### What to do
Exactly reproduce the data from its first line through the line with "2 drawers & one shelf & one hanger Module", leaving out every line after it.
(Data in this exercise Opens)
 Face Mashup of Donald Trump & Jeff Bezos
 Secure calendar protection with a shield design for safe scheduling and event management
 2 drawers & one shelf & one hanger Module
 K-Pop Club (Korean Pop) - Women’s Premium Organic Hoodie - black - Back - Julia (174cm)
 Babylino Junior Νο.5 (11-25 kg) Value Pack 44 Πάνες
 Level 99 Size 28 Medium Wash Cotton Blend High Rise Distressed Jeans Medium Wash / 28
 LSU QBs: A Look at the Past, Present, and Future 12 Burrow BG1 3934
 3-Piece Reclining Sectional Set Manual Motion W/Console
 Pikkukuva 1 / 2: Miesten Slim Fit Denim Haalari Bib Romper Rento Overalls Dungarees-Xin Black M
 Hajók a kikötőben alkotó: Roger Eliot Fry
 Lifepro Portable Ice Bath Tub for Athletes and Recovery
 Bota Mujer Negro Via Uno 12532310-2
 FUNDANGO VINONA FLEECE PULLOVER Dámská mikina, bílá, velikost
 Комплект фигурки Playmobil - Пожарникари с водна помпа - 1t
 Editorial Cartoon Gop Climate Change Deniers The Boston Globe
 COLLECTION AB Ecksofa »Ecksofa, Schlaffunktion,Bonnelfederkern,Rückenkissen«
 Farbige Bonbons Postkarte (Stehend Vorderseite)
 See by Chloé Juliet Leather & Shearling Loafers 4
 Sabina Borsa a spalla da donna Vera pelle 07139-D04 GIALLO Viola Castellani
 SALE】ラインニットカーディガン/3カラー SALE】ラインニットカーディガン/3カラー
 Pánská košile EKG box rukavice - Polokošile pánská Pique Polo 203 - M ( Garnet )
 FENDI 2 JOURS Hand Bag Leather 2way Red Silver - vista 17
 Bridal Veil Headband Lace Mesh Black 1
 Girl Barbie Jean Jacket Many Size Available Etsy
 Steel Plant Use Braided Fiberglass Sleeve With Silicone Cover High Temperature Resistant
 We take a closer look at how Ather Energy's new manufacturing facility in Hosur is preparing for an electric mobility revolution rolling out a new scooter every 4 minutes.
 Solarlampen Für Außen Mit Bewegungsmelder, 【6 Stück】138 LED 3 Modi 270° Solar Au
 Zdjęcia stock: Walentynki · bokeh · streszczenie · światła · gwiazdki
(Data in this exercise Closes)
### Task output
 Face Mashup of Donald Trump & Jeff Bezos
 Secure calendar protection with a shield design for safe scheduling and event management
 2 drawers & one shelf & one hanger Module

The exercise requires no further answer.